THE PROBLEM:
Skipping all images, output the listing word for word.

INPUT DATA:
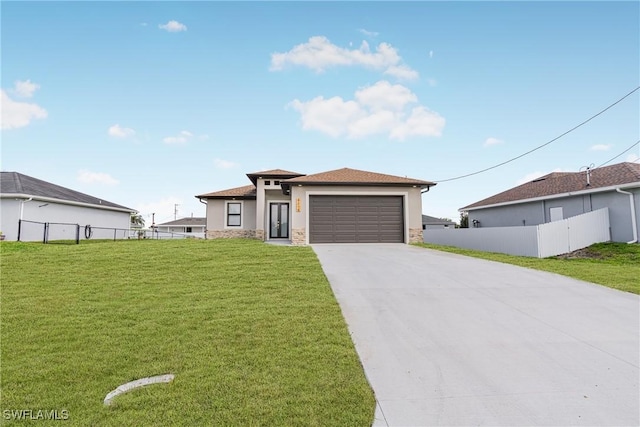prairie-style house with a garage, concrete driveway, fence, a front lawn, and stucco siding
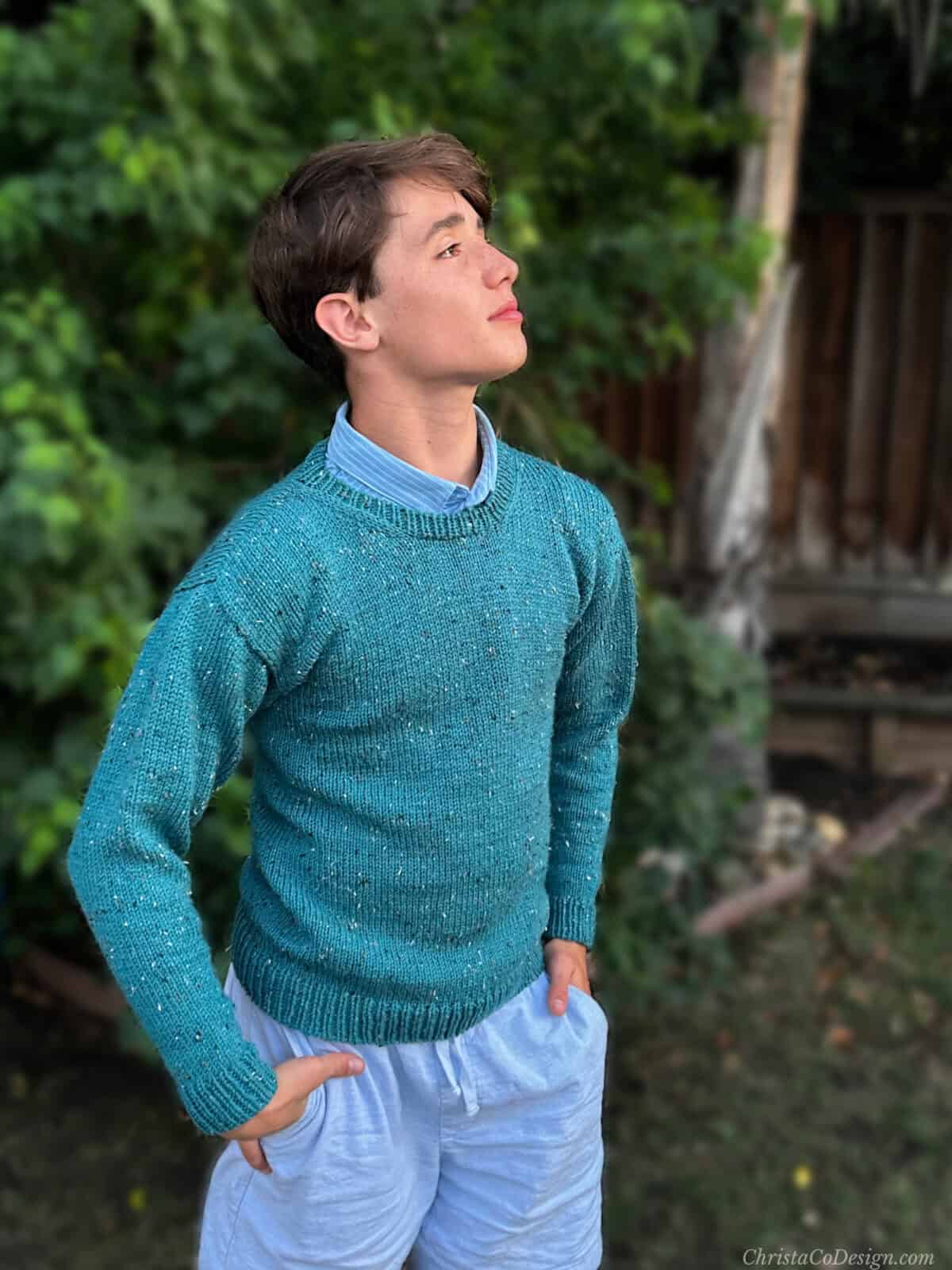 Young man in blue knit sweater looking up.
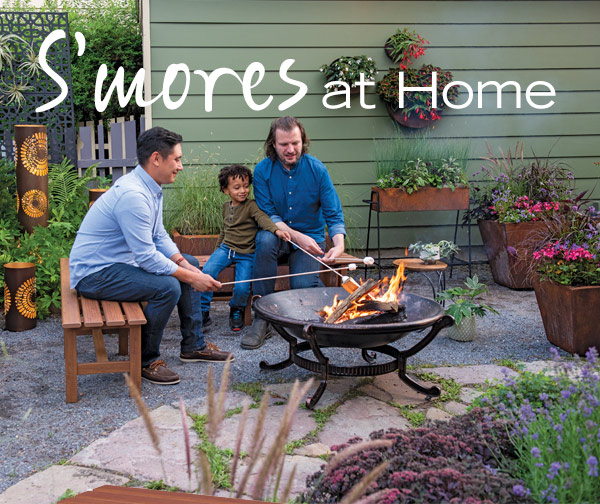 S'mores at Home! Pictured: Young couple with child roasting s'mores over a firepit, surrounded by cylindrical metal lanterns and flower pots full of blooms.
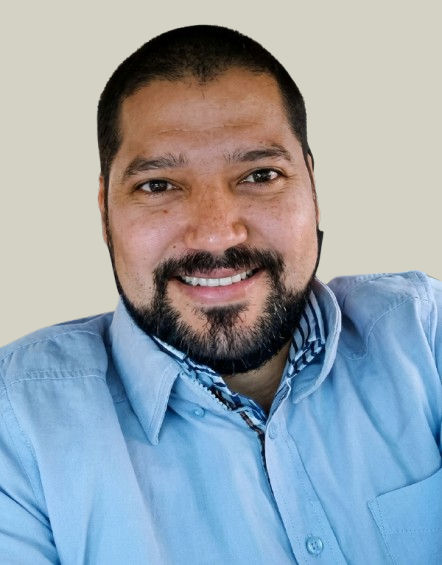 Portrait of a man with short dark hair and a beard, smiling, wearing a light blue collared shirt, against a plain light background.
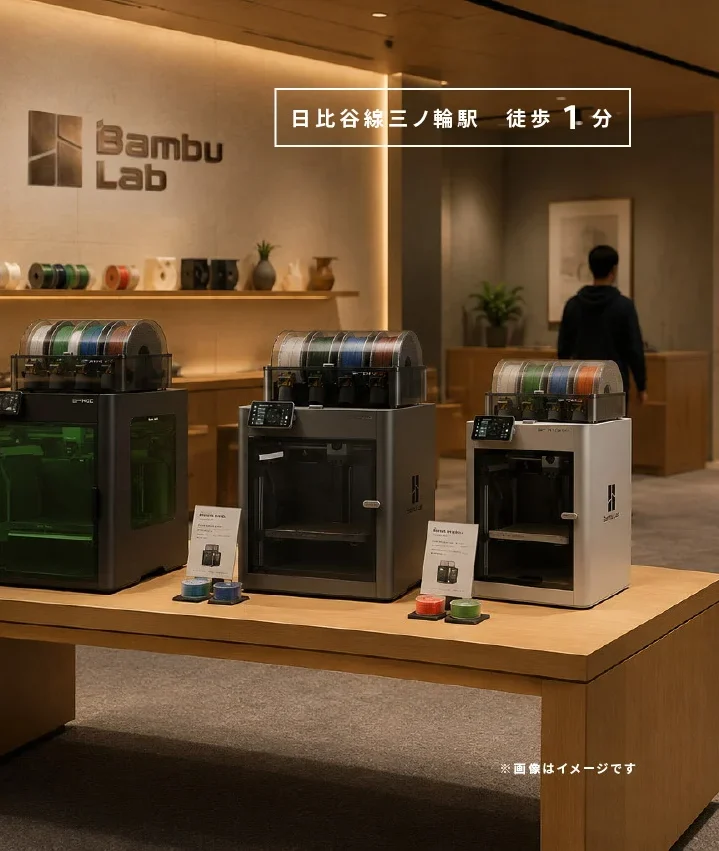 Render of the Brule Bambu Lab authorized store in Tokyo: three Bambu printers with AMS units on a wooden display table, filament shelf and Bambu Lab logo on the wall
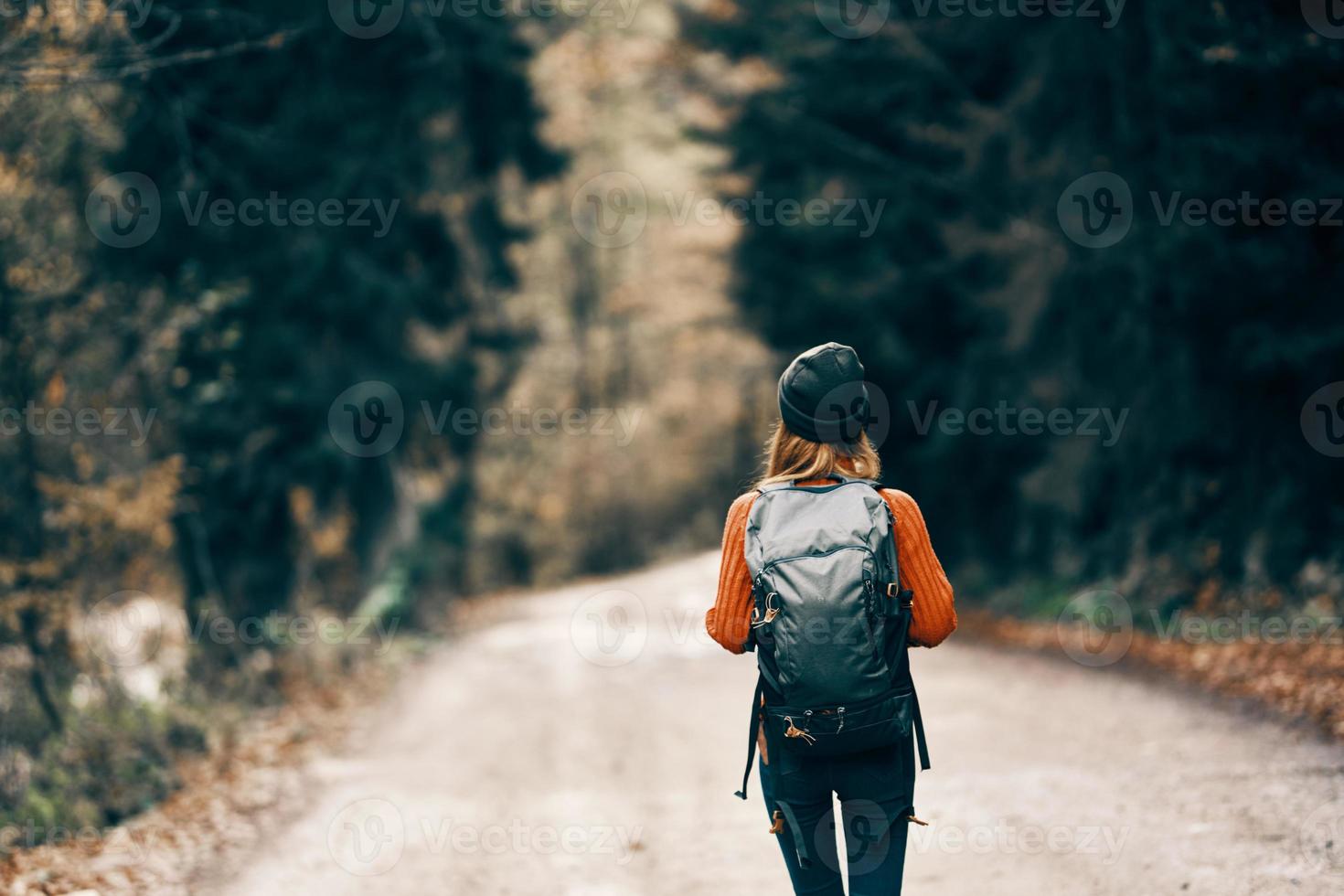 woman with a backpack in a hat and an orange sweater on the road in the autumn forest photo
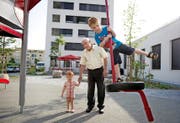 Jost Schumacher mit Lukas (4), der sich auf den Kindergarten freut, und dessen Bruder Dominik (1) vor dem Kindergarten Tribschenstadt 2 (Erdgeschoss, weisses Gebäude hinten). (Bild Corinne Glanzmann)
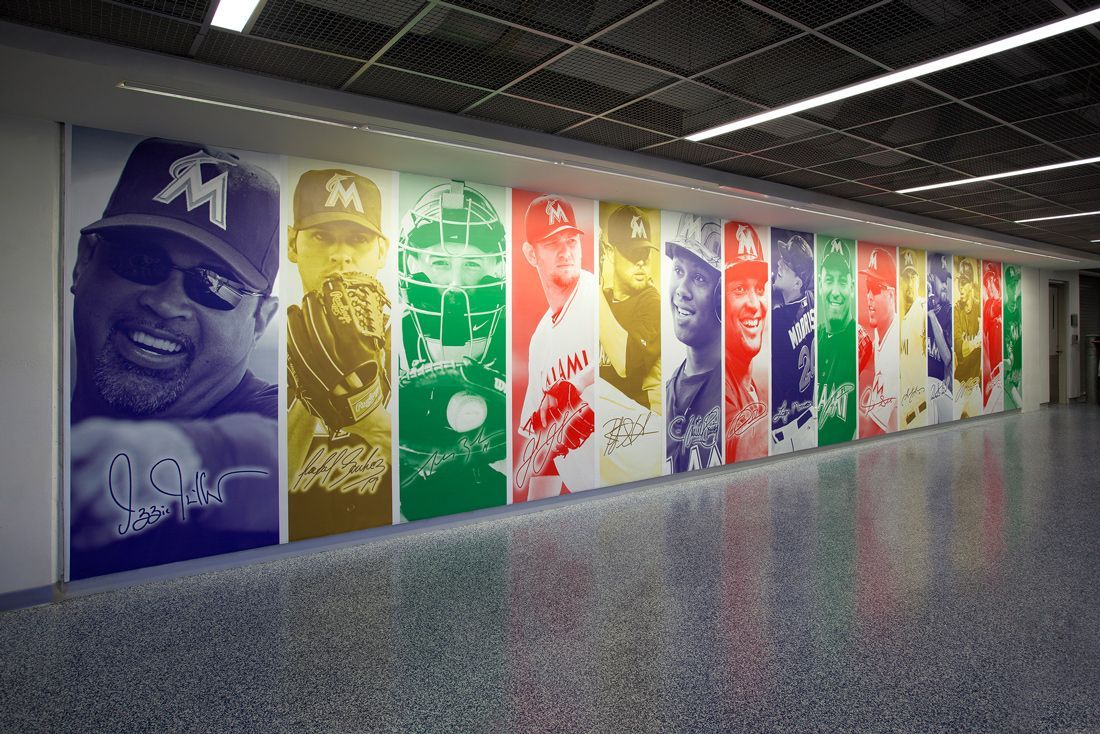 Mural of baseball players in colorful panels. Wall inside a building.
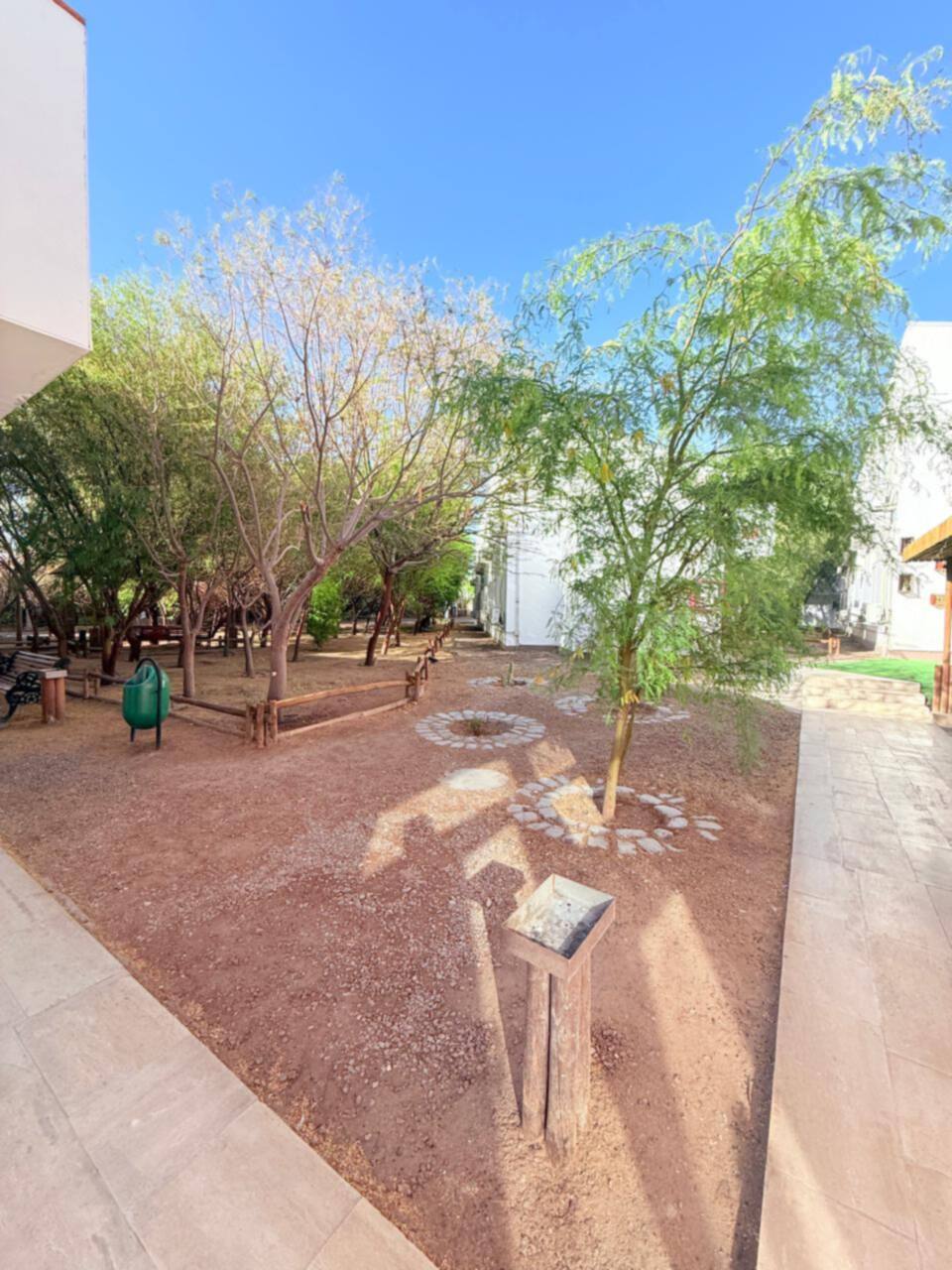 Jardín con árboles y bancas junto a las habitaciones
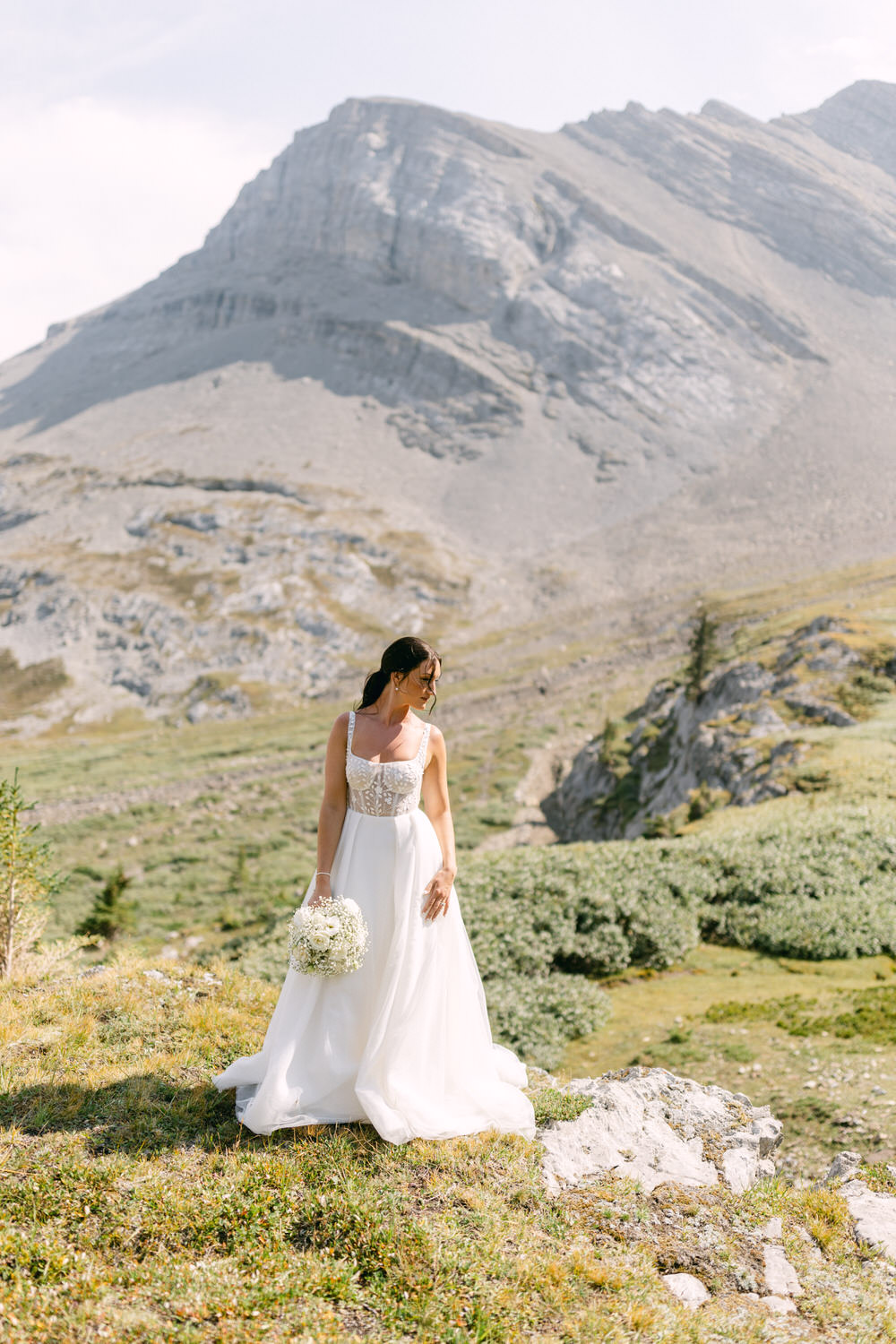 A bride in a flowing white gown holding a bouquet stands on a hillside with stunning mountain scenery in the background.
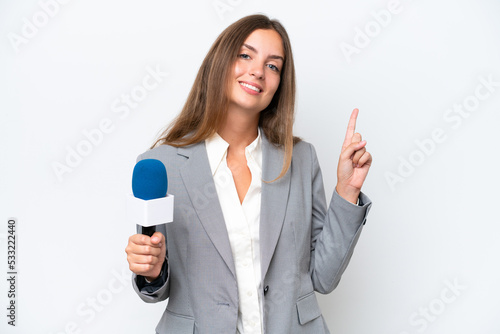 Young TV presenter caucasian woman isolated on white background showing and lifting a finger in sign of the best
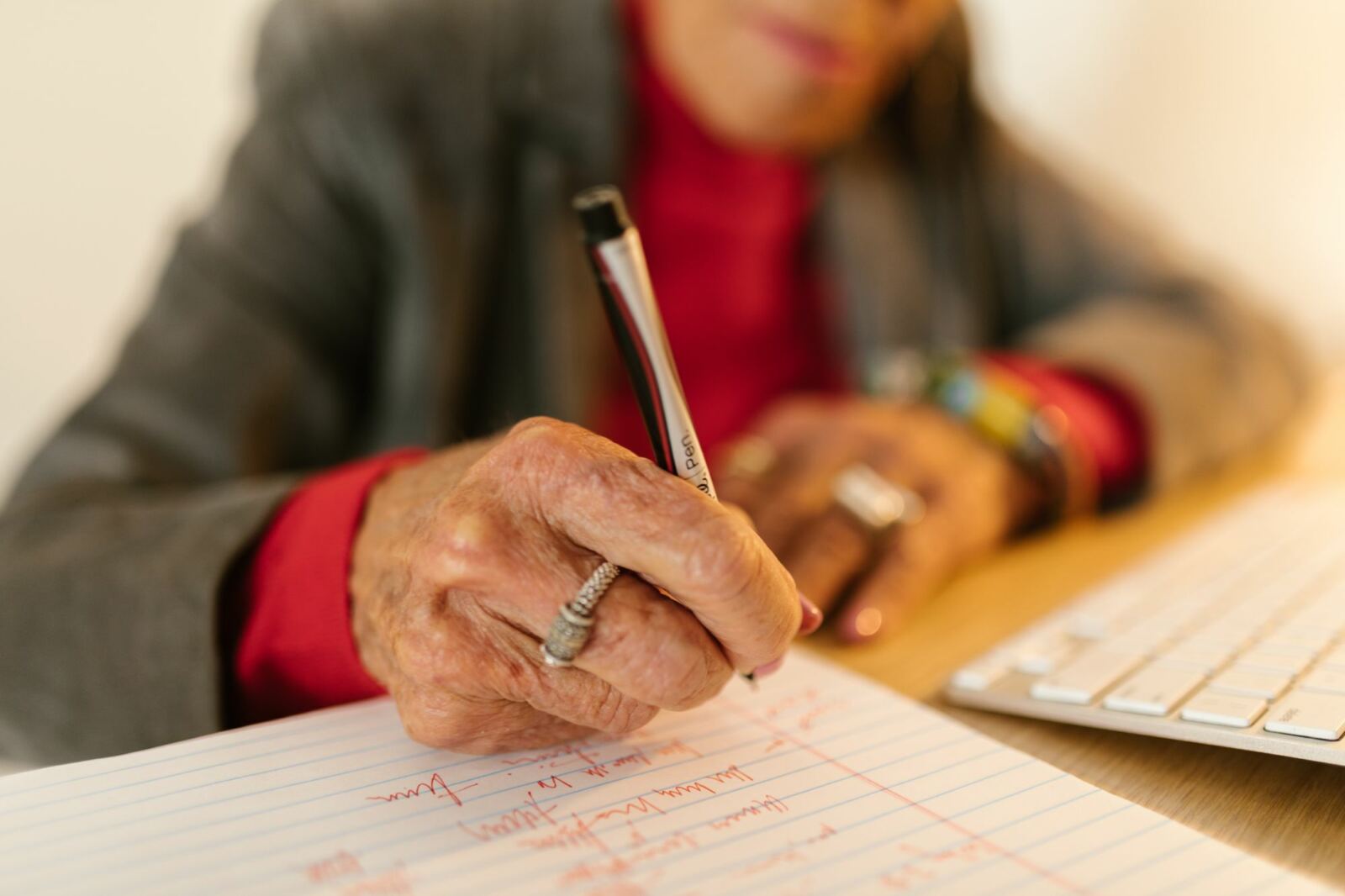 Main d'une personne âgée qui écrit au stylo sur une feuille, exercice de mémoire sur papier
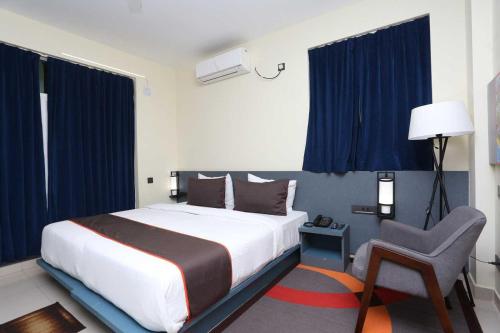 布巴內斯瓦爾的住宿－Hotel Vastukar Retreat，一间卧室配有一张大床和一把椅子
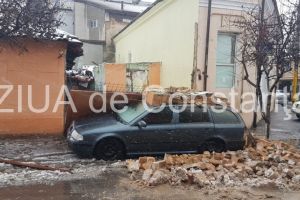 Imagini de la eveniment. Masina avariata pe strada Ștefan Mihaileanu din Constanta. Un gard s-a prabusit peste ea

EXERCISE ANSWER:
prairie-style house with a garage, concrete driveway, fence, a front lawn, and stucco siding
 Young man in blue knit sweater looking up.
 S'mores at Home! Pictured: Young couple with child roasting s'mores over a firepit, surrounded by cylindrical metal lanterns and flower pots full of blooms.
 Portrait of a man with short dark hair and a beard, smiling, wearing a light blue collared shirt, against a plain light background.
 Render of the Brule Bambu Lab authorized store in Tokyo: three Bambu printers with AMS units on a wooden display table, filament shelf and Bambu Lab logo on the wall
 woman with a backpack in a hat and an orange sweater on the road in the autumn forest photo
 Jost Schumacher mit Lukas (4), der sich auf den Kindergarten freut, und dessen Bruder Dominik (1) vor dem Kindergarten Tribschenstadt 2 (Erdgeschoss, weisses Gebäude hinten). (Bild Corinne Glanzmann)
 Mural of baseball players in colorful panels. Wall inside a building.
 Jardín con árboles y bancas junto a las habitaciones
 A bride in a flowing white gown holding a bouquet stands on a hillside with stunning mountain scenery in the background.
 Young TV presenter caucasian woman isolated on white background showing and lifting a finger in sign of the best
 Main d'une personne âgée qui écrit au stylo sur une feuille, exercice de mémoire sur papier
 布巴內斯瓦爾的住宿－Hotel Vastukar Retreat，一间卧室配有一张大床和一把椅子
 Imagini de la eveniment. Masina avariata pe strada Ștefan Mihaileanu din Constanta. Un gard s-a prabusit peste ea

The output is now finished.